Parsing AJAX web pages using PyKHTML
I needed to parse data from a series of web pages, usually i would have used CURL to download the page and then used regular expressions to extract the data i was interested in. But the page i was going to parse was using AJAX to reload part of the page (when you clicked the ‘next page’) and did not provide a unique url to that page, which made my regular method pretty useless (since to use AJAX we need a Java Script Interpreter).
A solution to the problem that seemed a bit more challenging than using CURL and regular expressions, and which would be able to handle AJAX, was to program an existing web browser to visit the page and fetch the data from the web browser itself. I had programmed for KHTML before so i looked into if this was possible and found that Paul Giannaros had solved most of my problems. He had created PyKHTML:
PyKHTML is a Python module for writing website scrapers/spiders. Whereas traditional methods focus on writing the code to parse HTML/forms themselves, PyKHTML uses the excellent KHTML engine to do all the trudge work. It therefore handles web pages very well (even the severely crufty ones) and is pretty darn fast (implemented in C++). As a bonus, the module handles JavaScript and cookies transparently. Hurrah!

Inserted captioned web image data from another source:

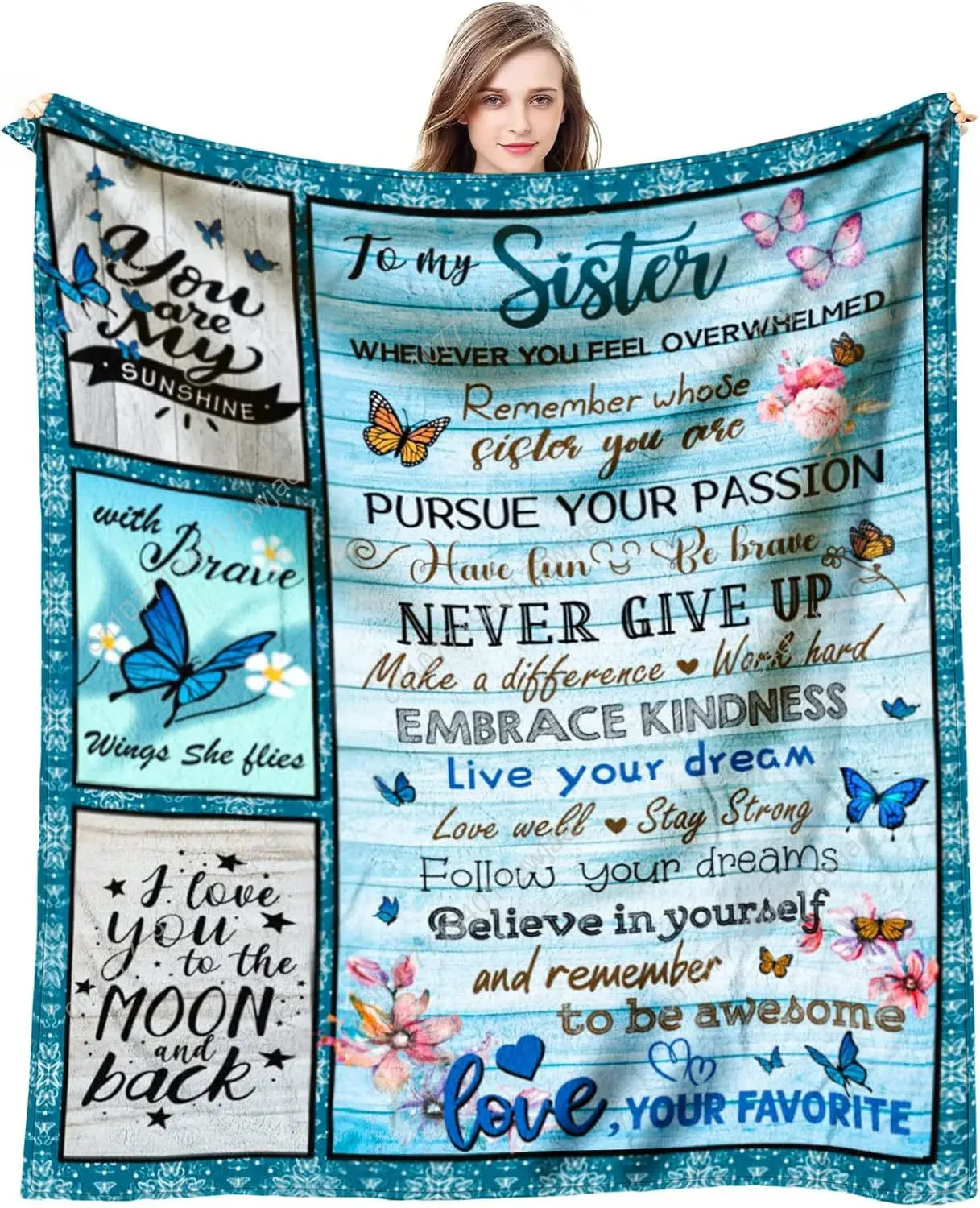 Sister Blankets from Sister Happy Birthday Sisters Gifts - Birthday Gift for Sis Adult to My Sis on Her Wedding Day Sister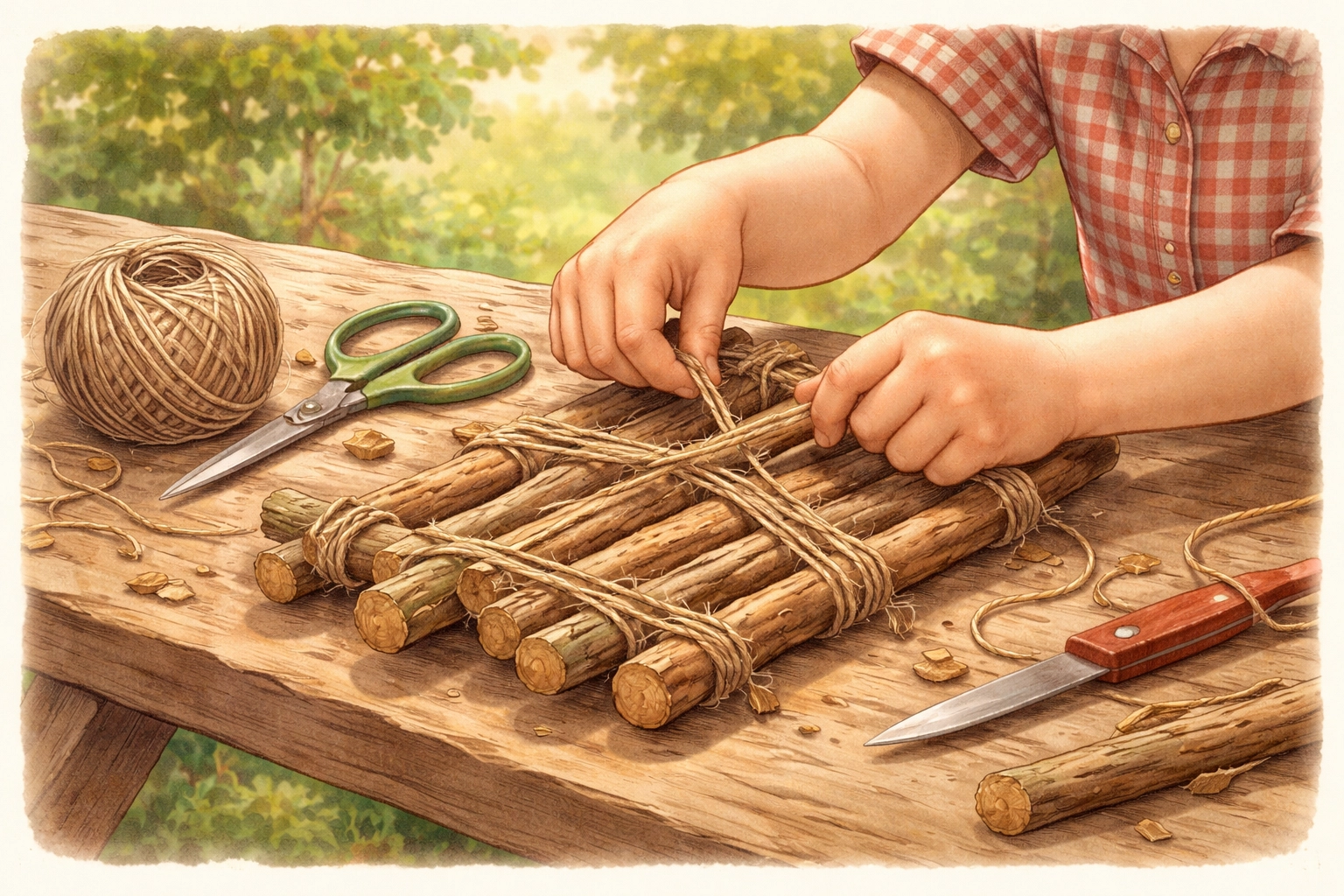 Close-up of hands tying twine around sticks to build a stick raft, illustrating DIY STEM activity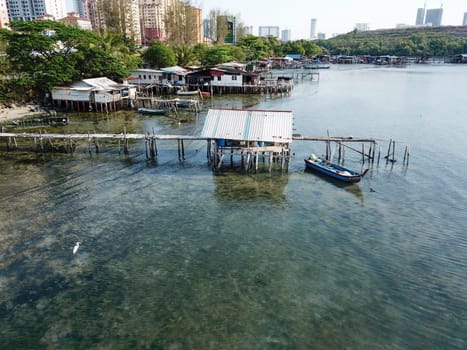 Georgetown, Penang/Malaysia - Mar 17 2020: Aerial view fishing village at Jelutong.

As an example for this post I decided to parse a digg article to find out who digged it. To understand the could you should know that KHTML uses a event driven programming model. This is my test program:
import sys
sys.path.append("..")
import pykhtml
# Setting debugWithGUI to true will give us the KHTML browser in a window.
pykhtml.debugWithGUI = False
def processPage(browser, currentPage):
# Check if the next button is loaded
result = list(browser.document.getElementsByClass("nextprev", "a"))
if (len(result) < 1):
print "Next button not loaded"
pykhtml.timer(0.5, pykhtml.partial(processPage, browser, currentPage))
return
# Get next page
nextprev = result[0]
nextPage = int(nextprev['onclick'].split(",")[1])
# Wait for ajax page reload to complete
if currentPage == nextPage:
pykhtml.timer(0.5, pykhtml.partial(processPage, browser, currentPage))
return
elif nextPage < currentPage:
pykhtml.stopEventLoop()
return
# Get users on current page
userListClass = list(browser.document.getElementsByClass("user-list", "ul"))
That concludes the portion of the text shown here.